■ PROBLEM TO SOLVE
Using the listing below, set down each line from the line containing "SANNIX 8 Pcs" through the line containing "Fonds d'écran PO", both ends included, exactly and with nothing added.

▼

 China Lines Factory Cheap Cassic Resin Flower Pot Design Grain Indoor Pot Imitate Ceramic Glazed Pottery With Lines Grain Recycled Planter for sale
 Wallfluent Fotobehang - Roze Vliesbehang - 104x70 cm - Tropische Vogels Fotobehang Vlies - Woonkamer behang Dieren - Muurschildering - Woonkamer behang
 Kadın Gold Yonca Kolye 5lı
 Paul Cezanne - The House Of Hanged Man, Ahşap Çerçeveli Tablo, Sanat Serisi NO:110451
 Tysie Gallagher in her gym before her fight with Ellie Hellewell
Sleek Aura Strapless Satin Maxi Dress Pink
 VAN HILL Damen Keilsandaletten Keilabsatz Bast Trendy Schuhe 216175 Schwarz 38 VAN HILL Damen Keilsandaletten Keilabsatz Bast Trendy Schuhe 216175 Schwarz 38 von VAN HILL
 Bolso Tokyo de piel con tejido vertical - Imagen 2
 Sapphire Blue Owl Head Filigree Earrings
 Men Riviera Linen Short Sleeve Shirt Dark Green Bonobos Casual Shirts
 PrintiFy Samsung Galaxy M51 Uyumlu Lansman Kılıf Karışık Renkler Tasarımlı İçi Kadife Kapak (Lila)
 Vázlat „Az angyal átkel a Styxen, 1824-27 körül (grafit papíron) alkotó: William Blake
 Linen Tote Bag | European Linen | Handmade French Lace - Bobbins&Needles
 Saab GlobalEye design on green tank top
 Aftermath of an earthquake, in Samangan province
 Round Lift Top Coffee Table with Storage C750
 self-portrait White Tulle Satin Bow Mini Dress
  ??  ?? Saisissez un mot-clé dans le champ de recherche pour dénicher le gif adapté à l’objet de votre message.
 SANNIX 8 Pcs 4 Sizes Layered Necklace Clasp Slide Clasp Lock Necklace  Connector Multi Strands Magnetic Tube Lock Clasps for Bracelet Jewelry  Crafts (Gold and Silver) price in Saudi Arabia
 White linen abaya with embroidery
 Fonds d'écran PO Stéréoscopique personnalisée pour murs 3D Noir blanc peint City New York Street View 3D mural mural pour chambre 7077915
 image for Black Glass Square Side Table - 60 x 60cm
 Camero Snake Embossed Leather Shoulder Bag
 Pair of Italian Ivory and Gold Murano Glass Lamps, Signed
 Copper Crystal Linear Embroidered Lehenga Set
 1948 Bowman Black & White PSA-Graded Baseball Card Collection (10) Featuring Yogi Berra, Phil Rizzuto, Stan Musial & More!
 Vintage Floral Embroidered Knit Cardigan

▲

■ SOLUTION FOR THIS PROBLEM
 SANNIX 8 Pcs 4 Sizes Layered Necklace Clasp Slide Clasp Lock Necklace  Connector Multi Strands Magnetic Tube Lock Clasps for Bracelet Jewelry  Crafts (Gold and Silver) price in Saudi Arabia
 White linen abaya with embroidery
 Fonds d'écran PO Stéréoscopique personnalisée pour murs 3D Noir blanc peint City New York Street View 3D mural mural pour chambre 7077915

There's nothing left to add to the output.